Które narody lubią Polacy?

Najbardziej lubiane przez Polaków narody to Irlandczycy, Anglicy, Czesi, Francuzi i Włosi, do których sympatię deklaruje ponad połowa badanych. Niewiele rzadziej sympatią darzeni są Grecy, Hiszpanie, Holendrzy i Słowacy. To wyniki badania CBOS.Nieco mniejszy jest zasięg sympatii do Węgrów, Szwedów, Amerykanów, Duńczyków i Belgów. Sympatię do nich deklaruje od 40 do 45 procent badanych, niechęć zaś wyrażana jest zdecydowanie rzadziej. Sympatia przeważa nad niechęcią także w stosunku do Litwinów, Finów, Słoweńców, Austriaków, Japończyków, Estończyków i Łotyszy, ale proporcje tych uczuć są już bardziej wyrównane. W stosunku do Bułgarów i Gruzinów sympatia równoważy się z niechęcią, najczęściej zaś deklarowana jest obojętność. W nieco większym stopniu niechęć przeważa nad sympatią do Rosjan, Żydów, Chińczyków i Ormian. Natomiast w stosunku do Serbów, Wietnamczyków i Turków niechęć deklarowana jest co najmniej dwukrotnie częściej niż sympatia. Wreszcie ponad połowa badanych deklaruje niechęć do Rumunów, Romów i Arabów.

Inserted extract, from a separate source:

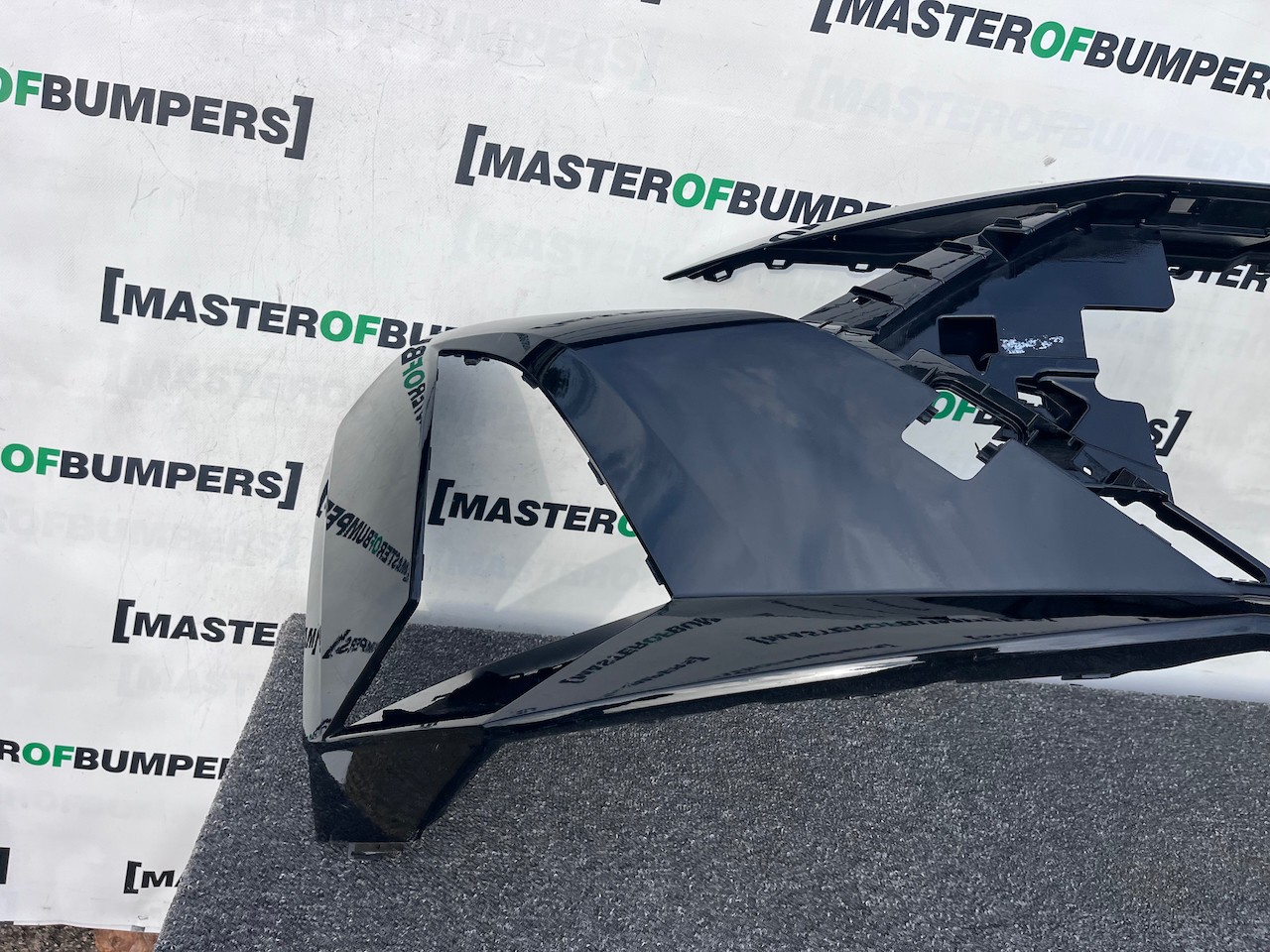 Hyundai I20 Ultimate Hatchback Mk3 Lift 2023-2026 Front Bumper Genuine [h608]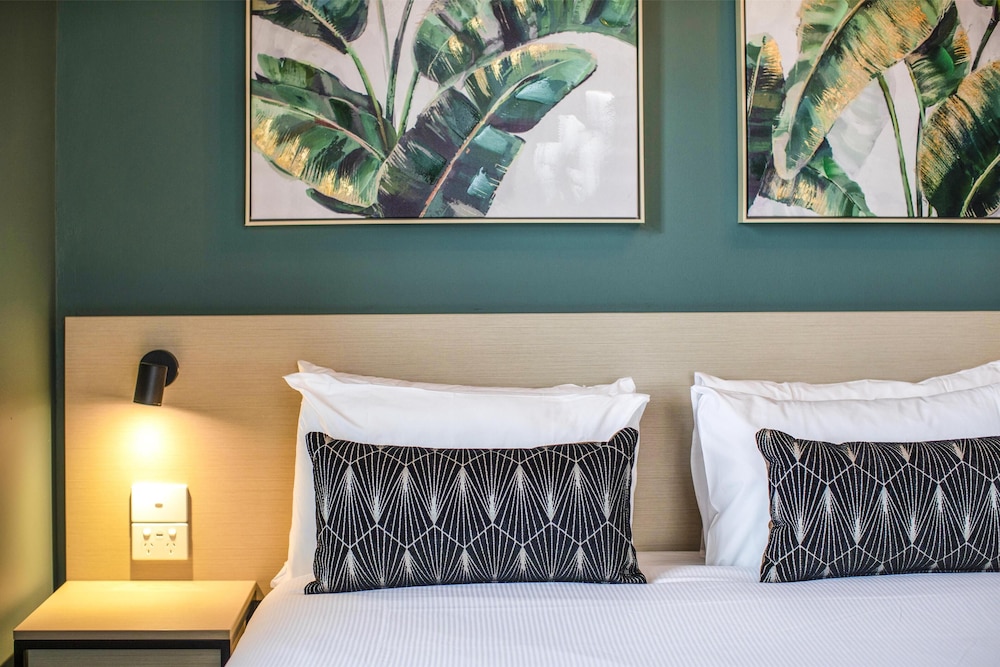 Pymble Hotel 27/50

Warto wspomnieć o obecnym liderze rankingu sympatii Polaków – Irlandczykach. Irlandia, kraj dość odległy i jeszcze do niedawna raczej mało nam znany – tuż po przystąpieniu Polski do Unii Europejskiej otworzyła swój rynek pracy dla Polaków i stała się celem masowych wyjazdów w poszukiwaniu pracy. Zapewne jest to główny powód sympatii.

Można przypuszczać, że podstawą ogólnej zasady, porządkującej stosunek Polaków do innych narodów, są dwa stereotypy: stereotyp bogatego, cywilizowanego „Zachodu” i biednego, zapóźnionego cywilizacyjnie „Wschodu”. Można wymienić jeszcze co najmniej trzy inne czynniki, mogące w konkretnych przypadkach mieć znaczenie decydujące. Jednym z nich są pewne zaszłości historyczne, utrwalone w pamięci „doświadczenia zbiorowe” naszych relacji z danym narodem, innym – osobiste doświadczenia wynikające z kontaktów z przedstawicielami danej nacji. Wpływ na stosunek do konkretnego narodu mogą mieć również aktualne wydarzenia ze sfery polityki międzynarodowej, stosunków Polski z danym krajem. Przykładem może być „pomarańczowa rewolucja” na Ukrainie, która wywołała znaczący przypływ sympatii do Ukraińców.